New Technologies, New Worlds

Course Description
Work Required
Create Your Blog
Class Schedule
Class Assumptions

ENG/IMS/CLS F103, Section A
Professor Judith de Luce
Professor Laura Mandell

de Luce: 529-1480; Irvin Hall, 105A

Mandell: 529-5276; 370 BAC

Spring 2006

de Luce: (H) (before 9 p.m.) 523-0176

Mandell: (H) (before 9 p.m.) 765-647-2096

MWF 10:00-10:50 a.m.,
163 Upham

Office Hours:

de Luce: M 8:00-9:00, T 9:30-11:30, W 8:00-9:00, 1:30-2:30, R: 8:00-11:30, F 8:00-9:00, 1:30-3:00, and by apptmt.

Mandell TR 9:00-12:00 and by apptmt.

Syllabus Available Online: go to
and click on our class.

Course Description

It seems like a relatively simple intellectual task to think about the impact of technology on our lives. Since the development of the automobile and the computer, life is more harried: we are expected to do more, to produce more, to be more places at once. But there are much less obvious ways that new technologies affect us, and many more serious consequences to these changes than those having to do with speed.

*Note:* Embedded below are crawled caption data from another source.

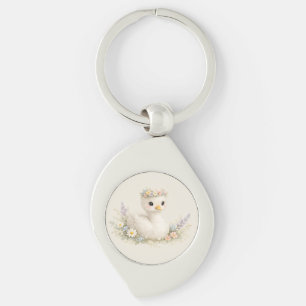 Elegant Baby Swan Wildflower Watercolor Stationery Key Ring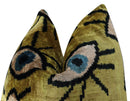 Canvello Handmade Luxury Handmade Velvet Silk Evil Eye Throw Pillow With Down Insert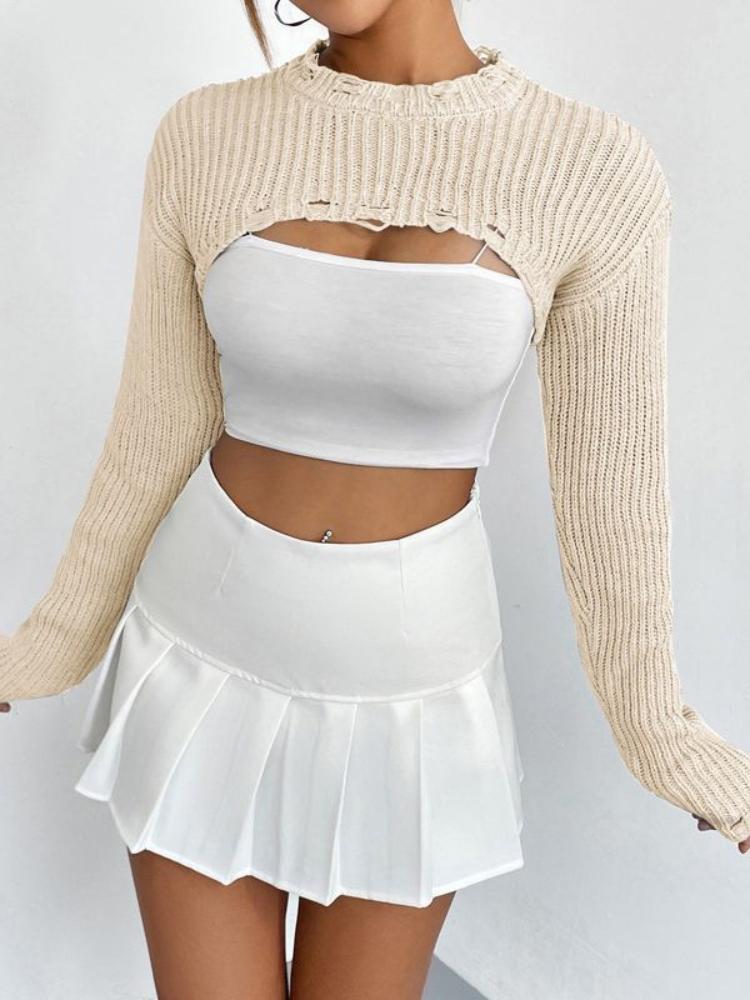 Knitted top with pullover for women, ultra short outer and sexy half cut top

Science Fiction as a genre first arose to question the moral, political, and personal effects of technology on our lives. We will study Mary Shelley's Frankenstein and Isaac Asimov's Caves of Steel to figure out the major issues and questions about how technology changes what it means to be human. Some of these changes are visible only if one takes a look at the special connection between media (computer, television, film) and form. What is form? Well, of course, there is literary form: the sonnet is a poetic form that first made its way into English during the 16th century; the novel is a prose form that arrived more recently, during the 18th century. But in a broader way, everything we perceive or think is in some form or another, whether it be in the form of a word or an image. Anything formless is also unthinkable: reality must be always be formed in some way or another in order to be conceivable at all. Moreover (and this may surprise you) many literary theorists think that our idea of what it means to be a person -- the set of expectations, beliefs, feelings, and ideas we have about what it means and feels like to be a self -- took on its modern form during the late 18th century, at the moment in "the print revolution" of mass publication and mass literacy. Will "the computer revolution" change our ideas, our feelings, our sense of who we are?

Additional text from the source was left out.